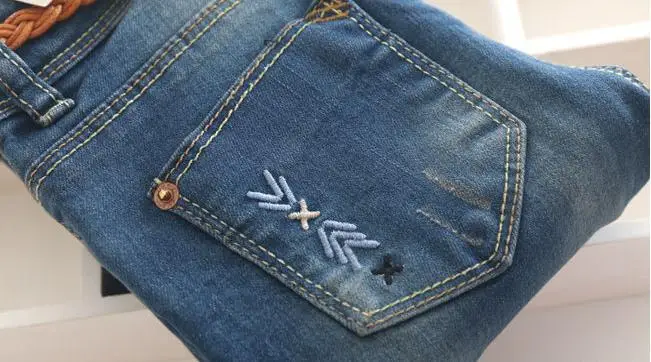 Новое поступление для маленьких девочек Демисезонный джинсы Модная одежда для девочек потертые обтягивающие джинсы детские длинные брюки с поясом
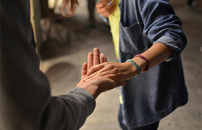 Italian Mission delivers aid to families in Bnaslawa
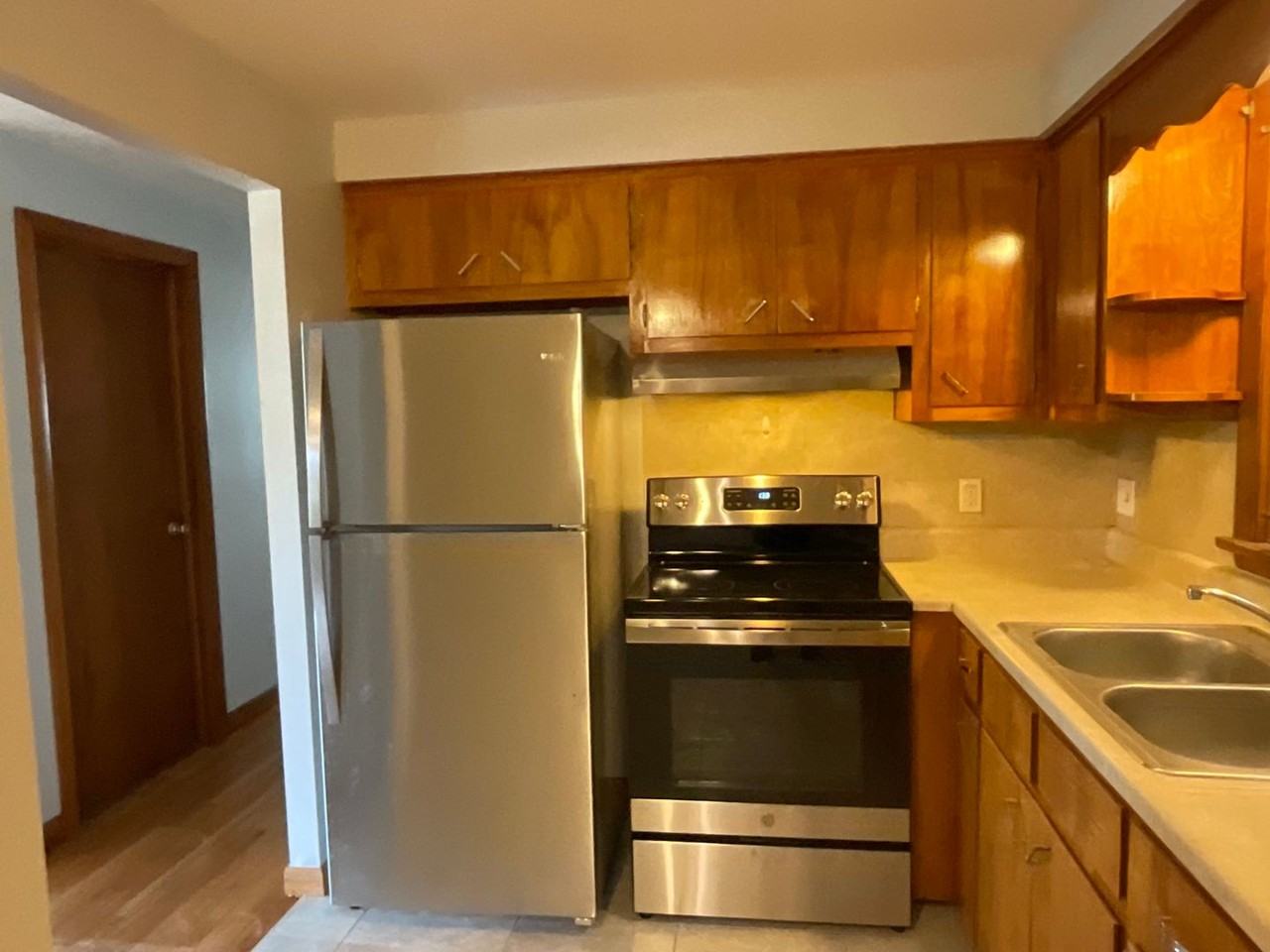 2 Eastview Dr - Photo 7 of 12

━━━

_Problem requirements_: Once the pictures are set aside, the remaining data must be transcribed exactly.

_Solution below_:
 Новое поступление для маленьких девочек Демисезонный джинсы Модная одежда для девочек потертые обтягивающие джинсы детские длинные брюки с поясом
 Italian Mission delivers aid to families in Bnaslawa
 2 Eastview Dr - Photo 7 of 12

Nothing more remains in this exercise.